Once upon a time, you were young. Remember that? When every new day held a promise of new wonders, and when you woke up every morning and the sun was shining or clouds filled the sky or rain sprinkled on your roof, you’d stretch, yawn and pry yourself from bed with the promise of a cup of coffee brewing to revive you and wipe the sleepies from your eyes?

Everything was so monumental back then. Every moment seemed like the most important moment in your life. So necessary, so pivotal, so real. All the people you encountered, your friends, your family, your teachers, everyone was so important to you. You always had trouble expressing these sentiments of deep compassion and care for your loved ones, and you often were consumed by the frantic urge to convey to people how much you loved them. It was like you thought time would run out, that you wouldn’t be able to tell them if you didn’t tell them now.
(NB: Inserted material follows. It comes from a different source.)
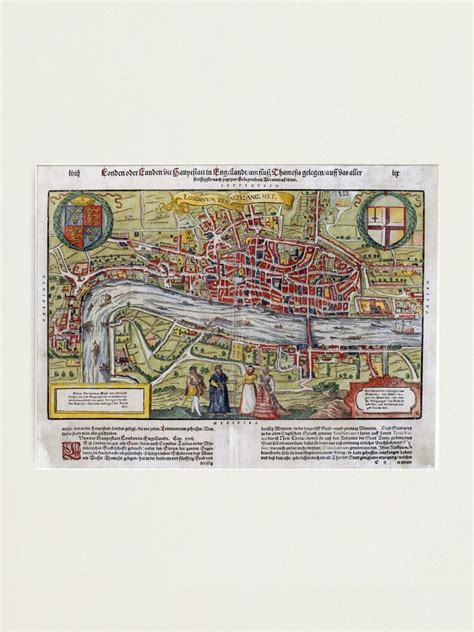 Vintage Map Of London England 1598 Photographic Print For Sale By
That is why hugs were so important to you back then. The ability to hold someone for a moment in time made you feel as if you could hold their ephemeral selves forever. The warmth, the care, the life embodied in that moment was one of the many things you lived for. Human contact was always essential in your book. I hope you still hug those around you with vigor, that you still have strength and love to give and someone wonderful, many someones wonderful to pick up the slack when you’re tired.

You dreamed so vividly back then. Not just at night, but about the future too. You thought it didn’t matter what you’d been through or where you came from. You firmly believed that, despite it all, you could be happy, you would be happy. And life would get better. And I’m sure it did. How could it not? With that bright disposition and never-say-die dress you wore so well, even when it was a little crumpled and frumpy...
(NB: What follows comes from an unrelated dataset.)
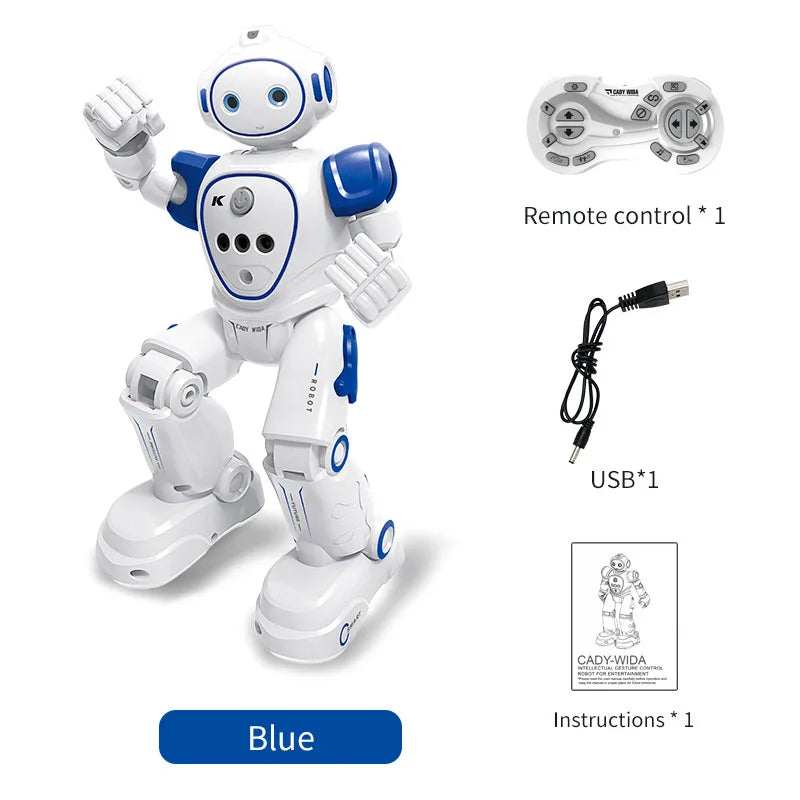 A white interactive RC robot with blue accents is shown alongside a remote control, USB cable, and instructions.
Remember how you loved to read back then? It really was your favorite thing, and you definitely weren’t ashamed of it. The library, your place of origin, was inevitably your place of rest. Over and over again you read “The Little Prince,” your favorite; you were moved so easily by its simple poetry and delicate characters. You were moved by everything you read and heard. And you desperately wanted to move others. You would often speak of the importance of passion, or affecting a change in others, for good or bad, you didn’t care which because you knew you couldn’t really control which, you just wanted to be remembered. That was interesting.

You were so starry-eyed then. I wonder if you are now. Or has life weighed you down? Let’s hope not. You had every reason not to be optimistic then — life wasn’t exactly easy for you, even if you were lucky enough to be a Stanford student. Times were bad, sometimes, but you always managed to still give freely of yourself, even when you thought you had nothing left to give. That was a good choice, friend and I’m sure it served you well.
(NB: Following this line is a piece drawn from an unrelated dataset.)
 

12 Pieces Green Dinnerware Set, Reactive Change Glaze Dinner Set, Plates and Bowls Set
You may laugh at how sure I seemed to be back then. But it was just a part of who I was. Never sure of the present, but always sure of the future. Funny. Funny you thought the future was the one thing you could be sure of, the one thing you could control. In a sense, I guess this was true — you determined each step and path you took, but the events that would unfold beyond that, you had no idea. But I bet it worked out fine.

This simple portrait I’ve given you of yourself is so you will remember and know what you were and to remind myself now what I never desire to cease to be. Grow, by all means, change, morph, learn, live, cry, die when it’s time, but please don’t ever forget, while there is breath in your body, that life is worth living. Even when all the world says “No,” says this planet is dying, that we should pick up and leave and go to Mars, that people are destroying each other, etc. etc. Please don’t be jaded by such reports. I can’t really tell you why life is worth living, but I know that it is. So just believe me. And remember. And show me why.